Ehhh, le mie origini sono come un albero con un po do di tagli alle radici, perchè non so nulla delle mie origini. Per i primi 10 anni della mia vita, sono stato affascinato da quello che viene chiamato Albero Genealogico, pensavo che quello servisse alla scoperta delle mie origini, poi crescendo ho scoperto che venivo dal nulla. Vengo da un paese chiamato Cochabamba  in Bolivia e sono stato trovato sotto un monumento chiamato la Coroniglia, ecco questa è la mia origine. Non so chi sono i miei genitori, non so chi sono i miei veri nonni, non so nulla di nulla. Dopo aver sorpassato questo ostacolo, mi sono imposto che sono io la mia origine, è un po duro, però è anche una bella responsabilità. Cerco di fare il meglio, in modo che qualcuno quando dirà il mio nonno, il mio avo, il mio albero genealogico il tutto sara iniziato con me.

Un Big Ban umano?

Hahhaha, sì bel paragone.

Che rapporto hai con noi amici a 4 Zampe?
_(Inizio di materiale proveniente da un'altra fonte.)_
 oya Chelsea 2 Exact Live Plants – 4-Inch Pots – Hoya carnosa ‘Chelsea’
Mi piace molto leggere gli aforismi di Conrad quando parla degli animali, perché è quella persona che riesce a capirli fra tutti meglio. Lui è uno di quelli che dice che Non puoi dire di essere stato amato, finchè non hai un cane. o forse era Schopenhauer  Quella è un’altra visione dell’amore che tanti non capiranno mai, perché non hanno la fortuna di avere un cane. E’ amore incondizionato. Secondo me questa può essere la partenza della civiltà,amare in maniera incondizionata senza aspettarsi nulla ma avere tutto allo stesso tempo.
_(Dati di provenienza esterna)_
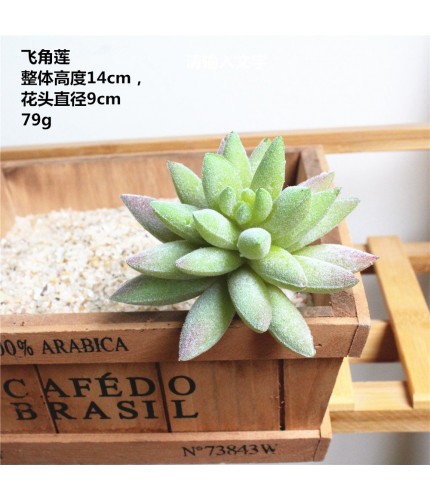 flocking green flying horn Succulent Artificial Flowers Clearance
La tua attenzione per l’umano è sia nelle forme che nelle sue deformazioni. Quali sono le deformazioni alle quali ti riferisci?

Bella questa domanda. Le deformazioni umane prese letteralmente è tutto il rinascimento e manierismo, anche il seguito. Raffigurativamente parlando, quando disegno, le mie figure vengono deformate in positivo, come quando Botticelli allunga i colli e non li fa reali, li deforma, non li fa reali, appunto per dare maggior attenzione. Io avendo come ispirazione il rinascimento in primis, prendo un corpo magari femminile e lo idealizzo esaltandone le forme, l’anatomia, i valori della schiena, le scapole che s’inarcano, le mani che toccano il collo e gli occhi che si spera sempre che con il disegno, acquisiscano profondità maggiore, magari rispetto ad un occhio pallido reale…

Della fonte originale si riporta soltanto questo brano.